2. The appellant vigorously argues that the court wrongfully relied upon a treating doctor's letter. The record does not support this assertion since the trial court expressly discounted any reliance upon any evidence other than the testimony of Dr. Gerow and Dr. Molde.

3. Finally, the appellant contends that inconclusive testimony as to his mental condition at the time of the offense precluded him from knowing whether the alternative pleas of not guilty and not guilty by reason of insanity were available to him.
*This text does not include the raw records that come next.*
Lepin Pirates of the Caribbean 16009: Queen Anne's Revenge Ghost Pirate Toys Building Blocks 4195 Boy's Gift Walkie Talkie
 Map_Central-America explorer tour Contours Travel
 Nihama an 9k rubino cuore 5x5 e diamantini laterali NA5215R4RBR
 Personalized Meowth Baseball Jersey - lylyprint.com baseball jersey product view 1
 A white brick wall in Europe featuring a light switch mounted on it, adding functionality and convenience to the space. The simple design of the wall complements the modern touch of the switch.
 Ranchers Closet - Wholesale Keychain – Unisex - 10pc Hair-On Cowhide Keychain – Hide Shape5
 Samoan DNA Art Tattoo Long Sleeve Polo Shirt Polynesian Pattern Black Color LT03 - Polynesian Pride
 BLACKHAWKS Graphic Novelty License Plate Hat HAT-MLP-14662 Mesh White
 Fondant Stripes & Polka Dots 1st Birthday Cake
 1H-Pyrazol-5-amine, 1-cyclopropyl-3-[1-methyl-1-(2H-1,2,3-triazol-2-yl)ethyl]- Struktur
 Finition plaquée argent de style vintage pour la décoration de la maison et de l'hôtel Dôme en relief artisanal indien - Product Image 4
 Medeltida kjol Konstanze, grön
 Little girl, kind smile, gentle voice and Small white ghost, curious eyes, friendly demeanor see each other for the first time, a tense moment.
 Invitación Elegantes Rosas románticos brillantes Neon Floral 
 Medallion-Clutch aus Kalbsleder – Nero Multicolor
This contention is without merit. The medical testimony received concerned only the appellant's capacity to stand trial and was irrelevant as to his mental state at the time of the act. Competency at time of trial is not to be confused with the defense of insanity. Competency to stand trial is a judicial determination, whereas the defendant's sanity at time of commission of the act is a factual question. By pleading guilty, the appellant gave up his right to a jury trial, Duncan v. Louisiana, 391 U.S. 145, 88 S. Ct. 1444, 20 L. Ed. 2d 491 (1968), thus waiving his opportunity to raise the defense of insanity. State v. Bourdlais, 70 Nev. 233, 265 P.2d 761 (1954).

Affirmed.

NOTES

[1] NRS 178.415(1) The court shall appoint two physicians, at least one of whom is a psychatrist or otherwise especially qualified, to examine the defendant.